Task goal —
Among the entries below, copy only the span from the line containing "Продажа трехкомнатной квартиры, 58.5" through the line containing "304不銹鋼直線振動(dòng)篩的應(yīng)用". Do so exactly, and skip the pictures.

Data section —
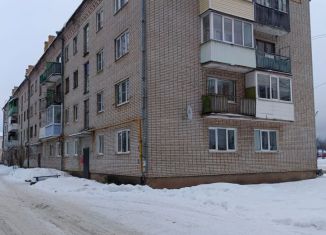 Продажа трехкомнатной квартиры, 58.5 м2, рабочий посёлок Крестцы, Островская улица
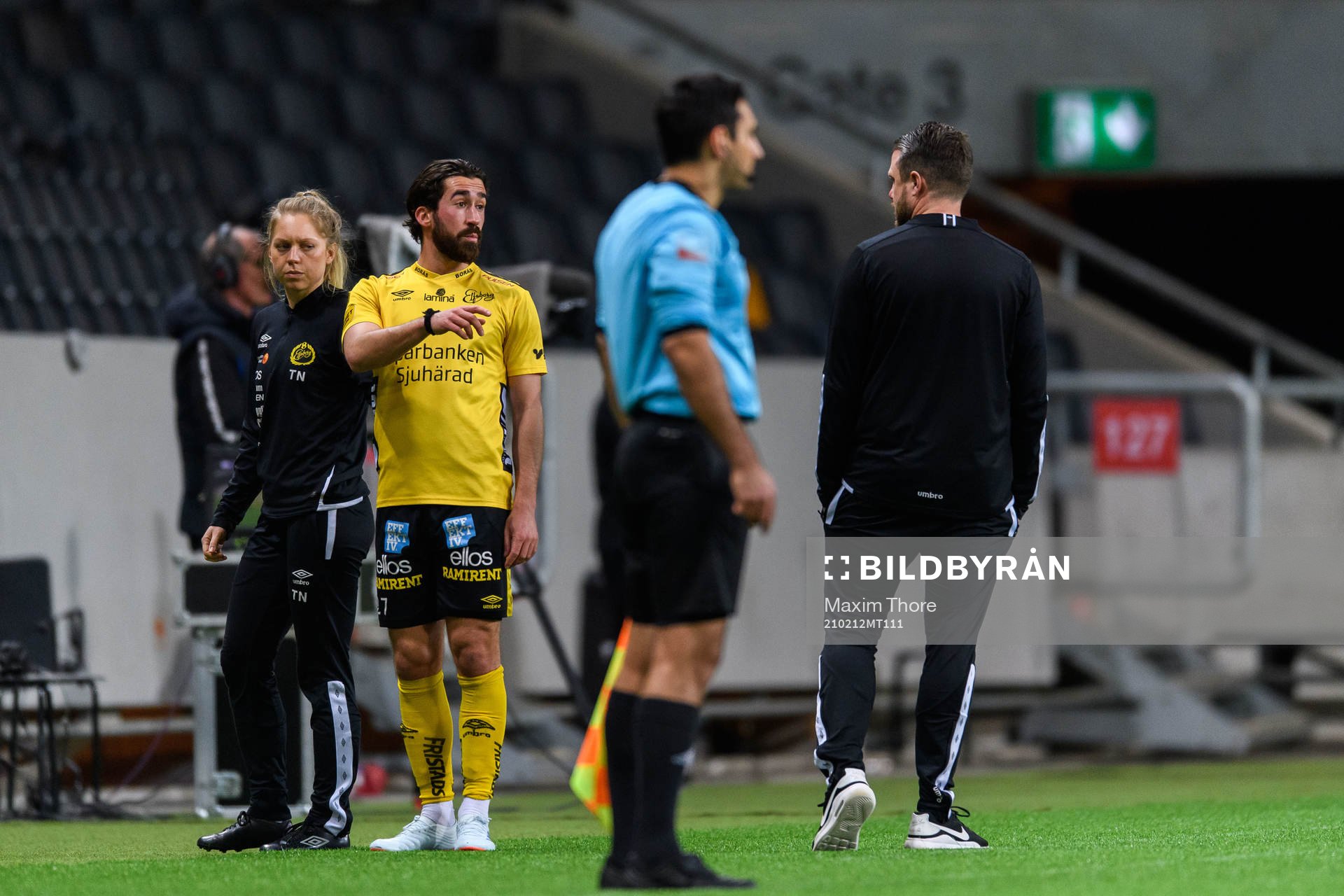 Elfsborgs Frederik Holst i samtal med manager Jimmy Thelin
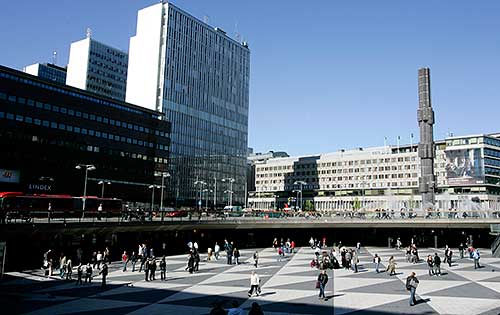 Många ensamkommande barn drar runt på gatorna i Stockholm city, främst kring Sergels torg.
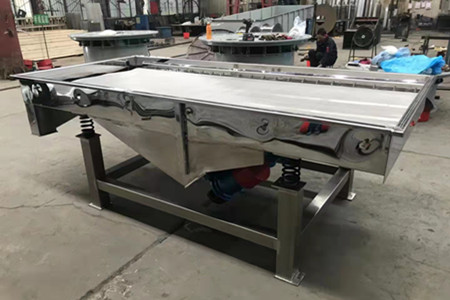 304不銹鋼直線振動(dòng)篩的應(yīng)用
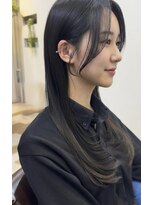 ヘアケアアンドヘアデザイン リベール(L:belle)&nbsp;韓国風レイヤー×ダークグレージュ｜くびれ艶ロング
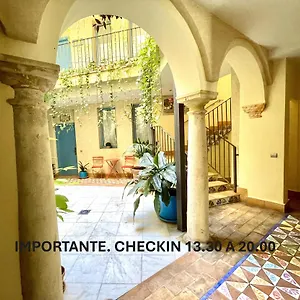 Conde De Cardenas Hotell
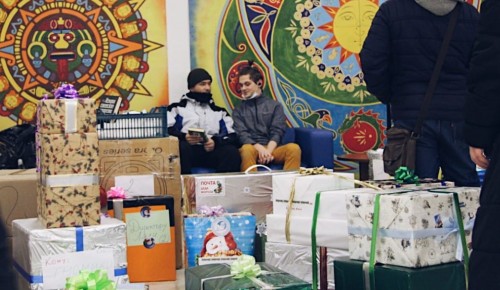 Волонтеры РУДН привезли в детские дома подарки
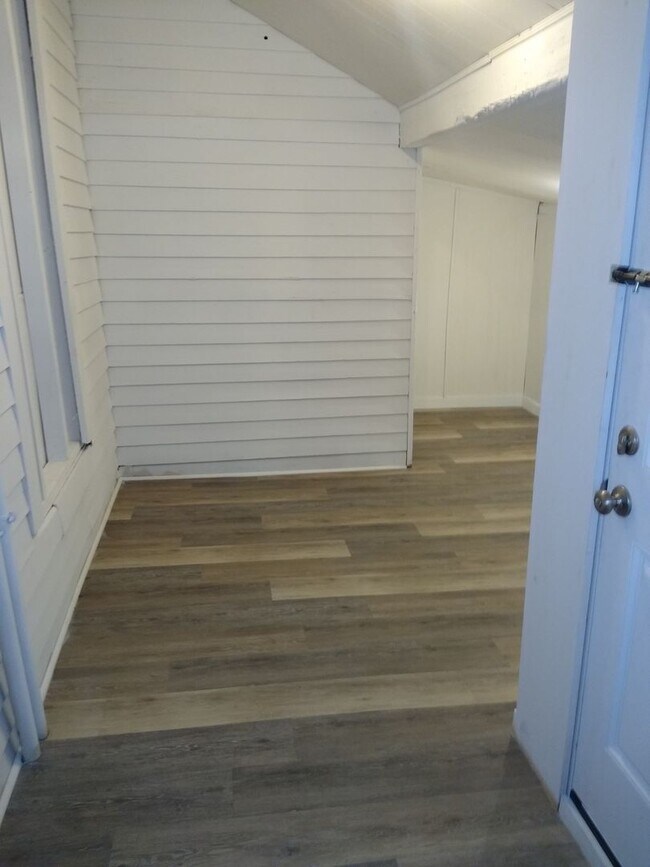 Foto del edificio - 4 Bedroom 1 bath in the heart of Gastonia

* * *

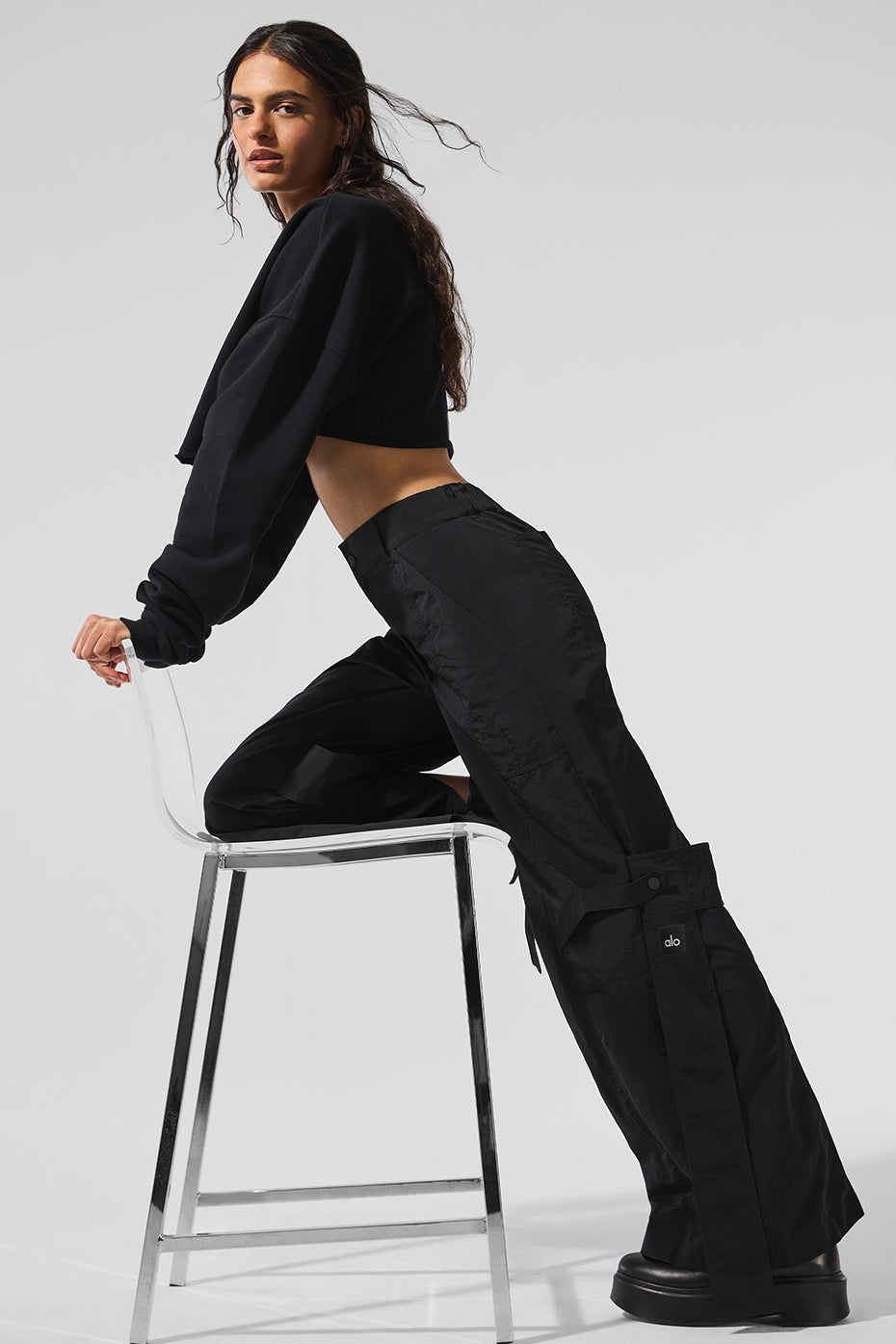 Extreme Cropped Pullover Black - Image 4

Completed exercise —
 Продажа трехкомнатной квартиры, 58.5 м2, рабочий посёлок Крестцы, Островская улица
 Elfsborgs Frederik Holst i samtal med manager Jimmy Thelin
 Många ensamkommande barn drar runt på gatorna i Stockholm city, främst kring Sergels torg.
 304不銹鋼直線振動(dòng)篩的應(yīng)用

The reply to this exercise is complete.